Question

please help me to solve this question,
Express as partial fraction (Repeated linear factors) : 1 / x^3(1-2x)

Answer 1

Any ideas?

Answer 2

For terms with a power higher than 1, like \(x^2\) for example, you could do this: \(\Large \frac{1}{x^2}=\frac{A}{x}+\frac{B}{x^2}\) ..

Answer 3

after get equation 1= A(x^2)(1-2x) + B(x)(1-2x) + C(1-2x) + D(x^3), how to find the value of A,B,C,D ? I try to substitute x as 0 , but cant find the ans..

Answer 4

I would approach this problem this way :
\(\Large \dfrac{1}{x^3 (1-2x)} =\dfrac{-1}{2}\dfrac{1}{x^3 (x-1/2)} \)

now for

\(\dfrac{1}{x^3 (x-1/2)}\)

we can decompose it like
\(\Large \dfrac{1}{x^3 (x-1/2)} = \dfrac{A}{x}+\dfrac{B}{x^2}+\dfrac{C}{x^3}+\dfrac{D}{x-1/2}\)

now make the common denominator and try to find A,B,C,D values
et me know if you get stuck...

Answer 5

yeah,then i get equation 1 = A1= A(x^2)(1-2x) + B(x)(1-2x) + C(1-2x) + D(x^3),
i stuck in finding the value of A,B,C,D.. is it need to expand the equation first? how?

Answer 6

ok, so you want to stick with 1-2x

anyways, you can find D and C easily

plug in x= 0 in the equation and you will get C
plug in x= 1/2 in the equation and you will get D
try :)

Answer 7

for A and B, yes, you need to expand by distributing.
then compare the co-efficients....if you don't know how, first find C,D which are easy to get.

Answer 8

i see.. so the value of C=1, D=8?

Answer 9

those are correct :)

Answer 10

then substitute value of C, D into the equation?

Answer 11

that would simplify things, yes.
and start distributing in the same step

Answer 12

\(1= A(x^2)(1-2x) + B(x)(1-2x) + C(1-2x) + D(x^3) \\ 1=Ax^2 -2Ax^3 +Bx-2Bx+C-2Cx+Dx^3\)

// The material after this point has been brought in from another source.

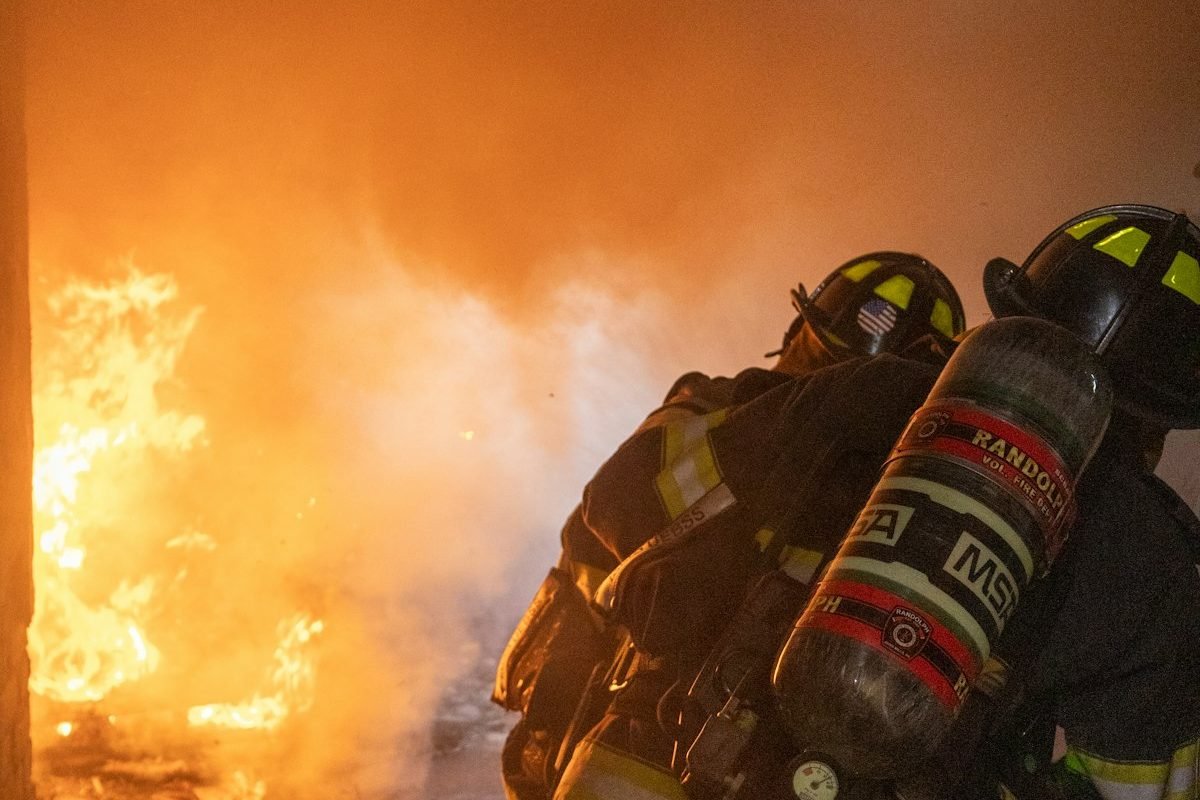 Fire Alarm Maintenance Contracts - illustration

\(1=Ax^2 -2Ax^3 +Bx-2Bx+1-2x+8x^3\)

\(0=Ax^2 -2Ax^3 +Bx-2Bx-2x+8x^3\)

Answer 13

typing error :
\(1=Ax^2−2Ax^3+Bx−2Bx^2+1−2x+8x^3\)

Answer 14

do you get what i did there ?

Answer 15

aaa i see..yes i get it, then, to find A just subs x as 0?

Answer 16

you already plugged in x=0 to get C, now if you again plug in x=0 you get 0=0 :P

so now tell me the co-efficient of \(\Large x^3 \) on right side ??

Answer 17

ohh i see hehe. erm 2B?

Answer 18

ehh 2A

Answer 19

no...what is before x^3 ??

example in,
\(4Ay^2 +2y+By^2\)
the co-efficient of y^2 is 4A+B

so here, only 2A ?? or someting else too ?

Answer 20

8

Answer 21

sry i hv eye problem, -2A , -2B, 8

Answer 22

not 2B :P

Answer 23

its ok

not -2B, its with x^2, not x^3

so, co-efficient of x^3 on right side is
\(-2A +8\)
agree??
and on left its 0

so
-2A+8=0
you'll get A from here

Answer 24

then compare the co-efficients of x^2 on both sides, and you will get B
ask if any more doubts then.

Answer 25

erm why at the left side is 0, not 1? bit blur ;P

Answer 26

\(1=Ax^2 -2Ax^3 +Bx-2Bx^2+1-2x+8x^3\)
Subtracting 1 from both sides

\(0=Ax^2 -2Ax^3 +Bx-2Bx^2-2x+8x^3\)

got this step ?

Answer 27

and
\(0 = 0+0x+0x^2 +0x^3+....\)

Answer 28

so
\(0x^3 = -2Ax^3 +8x^3 = (-2A+8)x^3\)

so -2A+8= 0
hope this makes everything clear :)

Answer 29

ohhh now i clearly see.. like it.. ;P

Answer 30

similarly compare co-efficient of x^2 from both sides, and u get B too

Answer 31

so A=1/4, B=1/8?

Answer 32

how did u get A =1/4 ? :O

Answer 33

ohh, 4?

Answer 34

yes, now correct :)

Answer 35

and B=2?

Answer 36

\(\huge \checkmark \)

Answer 37

thank you very much helping me :)

Answer 38

welcome ^_^
happy to help :)

Answer 39

you seem to be new here, so
\(\Huge \mathcal{\text{Welcome To OpenStudy}\ddot\smile} \)

Answer 40

yes i am, thank you ^^